A Colorado appeals court has held that Colorado law does not recognize an independent equitable subrogation claim by an excess insurer against a primary insurer to recover a settlement paid by the excess insurer. Preferred Prof’l Ins. Co. v. The Doctors Co., 2018 WL 1633269 (Colo. App. Apr. 5, 2018). Rather, an excess insurer’s rights under such circumstances are derivative of the insured’s rights under the insurance policy, and therefore the excess insurer must prove that the primary insurer acted in bad faith by refusing to settle.
The insured, a doctor, was sued for medical malpractice. During litigation, the plaintiff offered to settle the case for $1 million. The insured’s primary liability insurer declined the offer. The insured’s excess insurer, however, advised the insured to accept the offer and paid the $1 million settlement.
The excess insurer sued the primary insurer for equitable subrogation to recover the settlement payment. The primary insurer argued that the excess insurer’s equitable subrogation claim was derivative of the insured’s rights under the policy, and therefore the excess insurer had to prove that the primary insurer acted in bad faith by refusing to settle. The district court found in favor of the excess insurer without requiring a showing of bad faith.
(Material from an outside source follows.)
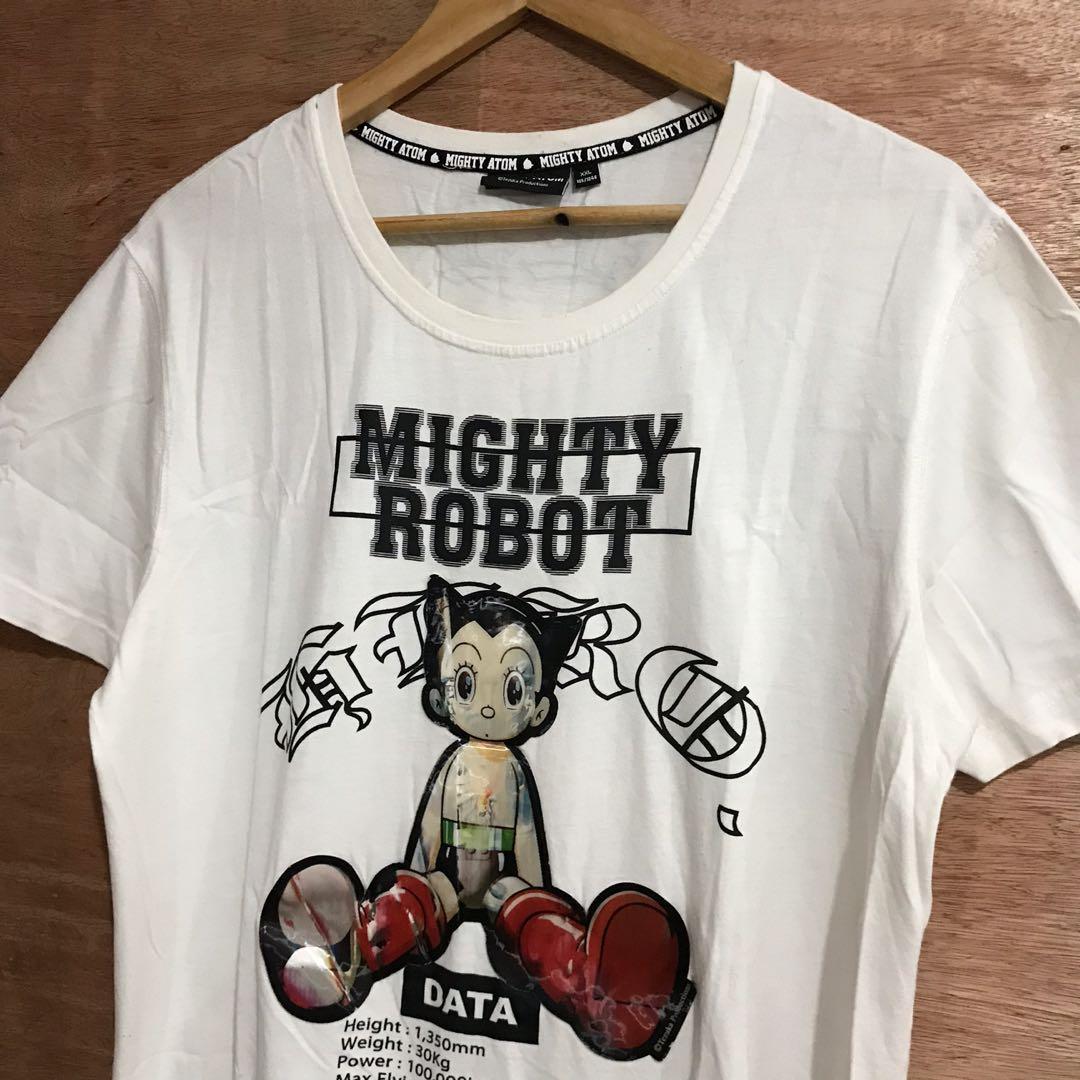 Mighty Atom Dark Astro Boy Unisex T-Shirt - Teeruto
The appeals court reversed, holding that Colorado law does not recognize an independent claim for equitable subrogation by an excess insurer to recover against a primary insurer. Rather, “Colorado law recognizes equitable subrogation only as a derivative right dependent on the obligations of the insurance contract.” Therefore, the excess insurer stepped into the shoes of the insured, and had to prove that the primary insurer acted “unreasonably under the circumstances.” The court rejected the primary insurer’s contention, however, that the excess insurer also had to prove the insured’s liability in the underlying claim.